Beautiful!  I'm going to have to give that a try.


----------



## soapsbysonja (Sep 24, 2013)

Wow!! Awesome!!!!


Sent from my iPhone using Soap Making


----------



## kazmi (Sep 24, 2013)

judymoody said:


> The avocado makes a really luxurious, conditioning soap. It does try to heat up in the mold though.


 
I bet it does heat up!  For my first try I think I'll stick with my slab mold just to experiement.  I use avocado oil in most of my soaps but after seeing your soap I think I'd like to try a fresh one.  It's pretty! and I love avocado.


----------



## Hazel (Sep 24, 2013)

Beautiful swirls! I thought it would have looked like ocean waves if the green had been blue.


----------



## judymoody (Sep 24, 2013)

Hazel said:


> Beautiful swirls! I thought it would have looked like ocean waves if the green had been blue.




Good idea for next time!

Here is another pic of one of my very favorite soaps which was inspired by the idea of sea glass.  I don't think I could ever reproduce it.  My major attempt at "art soap."


----------



## Hazel (Sep 24, 2013)

Gorgeous! I love the delicate white swirl in the green. That's a lovely color. Do you mind me asking what you used for it?


----------



## judymoody (Sep 24, 2013)

I need to check my notes - it was a combination of two Conservatorie micas.  I'll get back to you.


----------



## namad (Sep 25, 2013)

judymoody said:


> Good idea for next time!
> 
> Here is another pic of one of my very favorite soaps which was inspired by the idea of sea glass.  I don't think I could ever reproduce it.  My major attempt at "art soap."

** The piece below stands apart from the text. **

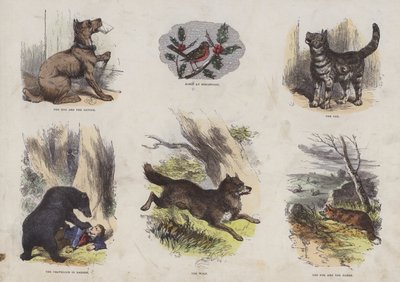 Seite aus dem attraktiven Bilderbuch (kolorierte Gravur) von English School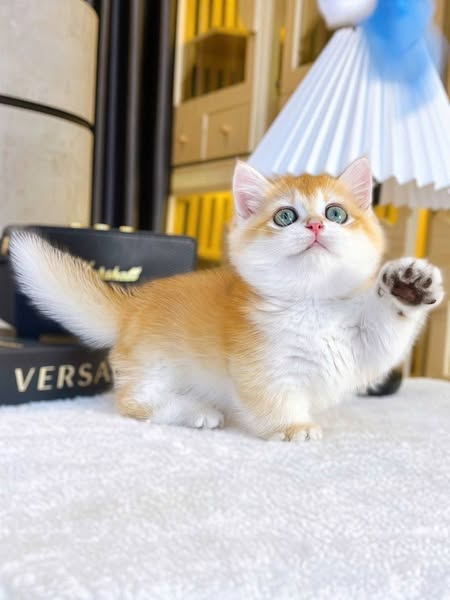 Munchkin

This soap is AWESOME! Great job


----------



## neeners (Sep 25, 2013)

looks great!  guess i'll have to put avocado soap on my "to try" list...  lol


----------



## TVivian (Sep 25, 2013)

I love that soap! To me it looks like a little pink sailboat on a stormy sea. Really interesting to look at! 


Sent from my iPhone using Soap Making


----------



## Skatergirl46 (Sep 25, 2013)

Mmm, that looks really creamy. I especially like the color the Avocado gave to the soap.  May I ask how much Avocado you used?


----------



## evilnurse (Sep 25, 2013)

Lovely


Sent from my iPhone using Soap Making


----------



## judymoody (Sep 25, 2013)

Skatergirl46 said:


> Mmm, that looks really creamy. I especially like the color the Avocado gave to the soap.  May I ask how much Avocado you used?



 I used one avocado (130 grams) to about 850 grams of soaping oils.


----------



## squyars (Sep 25, 2013)

Any scent from the avocado survive?  Did you add any EO or FO?
They are absolutely beautiful!

Sent from my KFTT using Tapatalk 2


----------